Cerca e trova immobili
Breggia
Siccità, «la situazione è molto seria» per il comune e il vivaio
©Chiara Zocchetti
©Chiara Zocchetti
L'assenza di precipitazioni mette sotto pressione il comune, che ha diramato un'allerta di grado 2 per Morbio Superiore e Sagno, ma anche il vivaio cantonale, che si appoggia su un sistema di approvvigionamento indipendente.

La situazione idrica nel Cantone resta grave, tanto che si stanno moltiplicando i comuni che stanno lanciando allerte siccità di grado 2. Di recente è toccato anche a Breggia, che ha diramato un avviso per le frazioni di Sagno e Morbio Superiore. Qui ha sede il vivaio forestale cantonale, che, pur appoggiandosi su una rete idrica indipendente, vive un momento complicato. 

Il vivaio fa ricorso alle autobotti

Tra gli 8'000 e i 12'000 litri al giorno. Tanto è il fabbisogno di acqua del vivaio in territorio di Breggia. Qui si coltivano e conservano le specie vegetali autoctone del Cantone: Il sistema sfrutta le acque reflue e quelle provenienti dal compost dello stesso vivaio, che confluiscono in una vasca di circa 100'000 litri. A Lattecaldo, però, le riserve stanno toccando i minimi. L'acqua può essere recuperata solo 30-40 centimetri più a fondo del livello attuale, ci viene detto. Motivo per cui si è già fatto ricorso più volte a delle autobotti di acqua proveniente dal pozzo di Mendrisio, in zona Tennis. Dei trasporti eseguiti in collaborazione con l'istituto agrario di Mezzana. 

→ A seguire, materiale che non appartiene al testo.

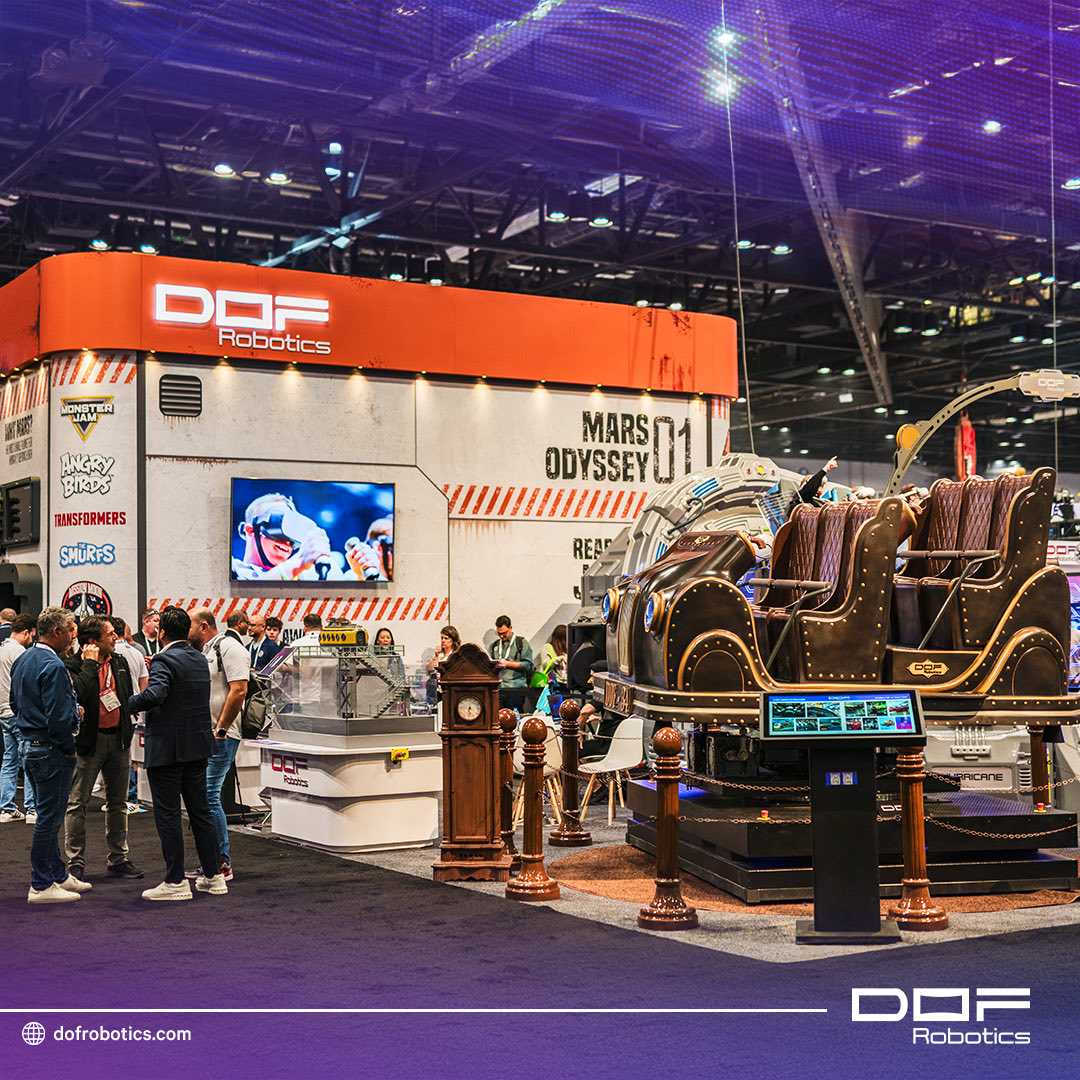 dofrobotics's tweet image. 🎉 Day 1 at IAAPA Expo 2025 started strong filled with excitement, big reveals, and unforgettable moments.

From the moment the doors opened, our booth was filled with energy curiosity, excitement, and amazing conversations that set the tone for an unforgettable week.

Today, we…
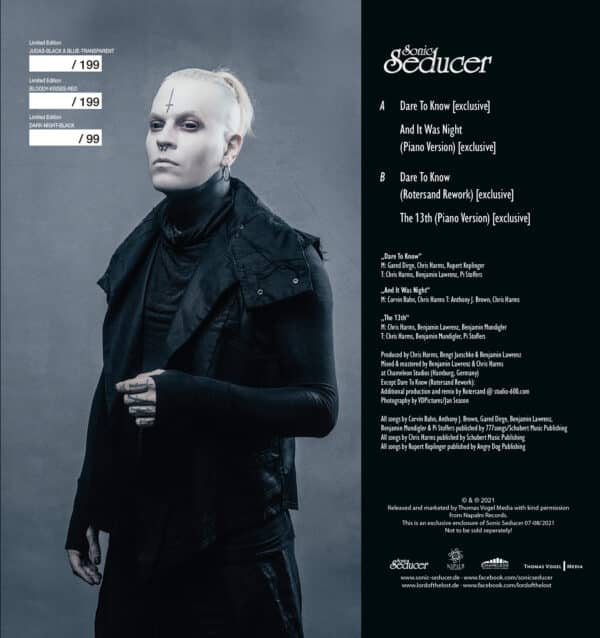 LIMITED EDITION Sonic Seducer 07-08/2021 Lord Of The Lost Deluxe-Vinyl „Dare To Know“ judas-black-blue-transparent + exklusiver EP-CD @ Sonic Seducer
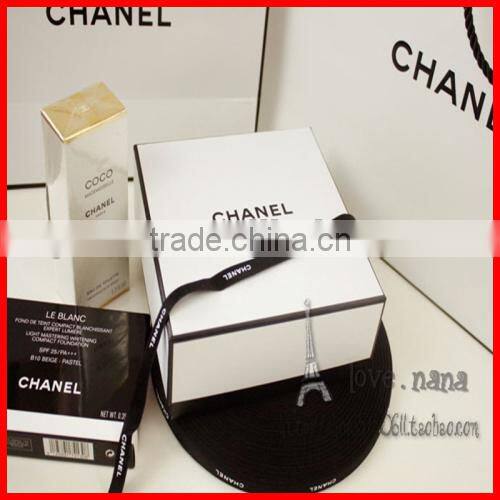 2014 custom white box with silk for packing luxury dress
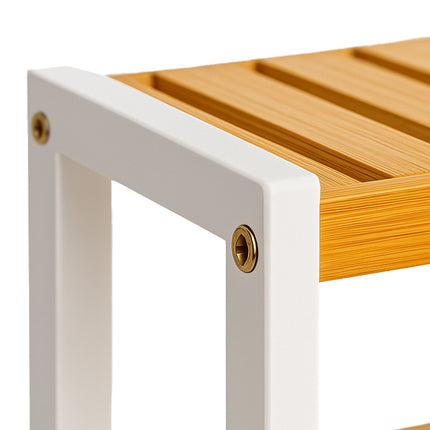 Bamboo Shoe Rack, 3-Tier, Space-Saving Design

Il comune: "la situazione è piuttosto seria"

Il vivaio, come detto, si appoggia su un sistema indipendente dalla rete idrica comunale. In questo ambito però c'è altrettanta preoccupazione: «siamo al grado di siccità due, vuol dire che possiamo ancora bagnare orti ed arbusti, ma dobbiamo fare molta attenzione al consumo d'acqua inutile. Cioè non bisogna bagnare prati, né piazzali, né lavare auto; la situazione è piuttosto seria», spiega il municipale responsabile di acqua potabile e depurazione Pirmin Murer. Come in altri comuni del Cantone, l'approvvigionamento idrico si fa grazie ad una complessa rete di sorgenti: «abbiamo tre sorgenti, Piazzöo che serve Morbio Superiore, Sagno, Vacallo e Castel San Pietro. Abbiamo Carbonera che serve Bruzella e Caneggio e abbiamo Seneggia che serve l'alta valle. Seneggia è quella che è al momento più costante. Le altre due hanno subito un calo notevole. Piazzöo è andata indietro tantissimo, parliamo di 120 metri cubi al giorno in meno nell'arco di una settimana. Abbiamo per fortuna ancora la Rovagina, una sorgente che condividiamo con Chiasso», prosegue Murer. Di fronte ad estati che si prevedono essere sempre più secche, anche a Breggia le speranze sono legate alla captazione da lago: «siamo molto contenti se abbiamo questa sicurezza dell'acqua del lago, è una cosa che dovrà entrare in funzione a metà del 2027, quindi la prossima estate, in teoria, potrebbe essere più sicura», conclude Murer.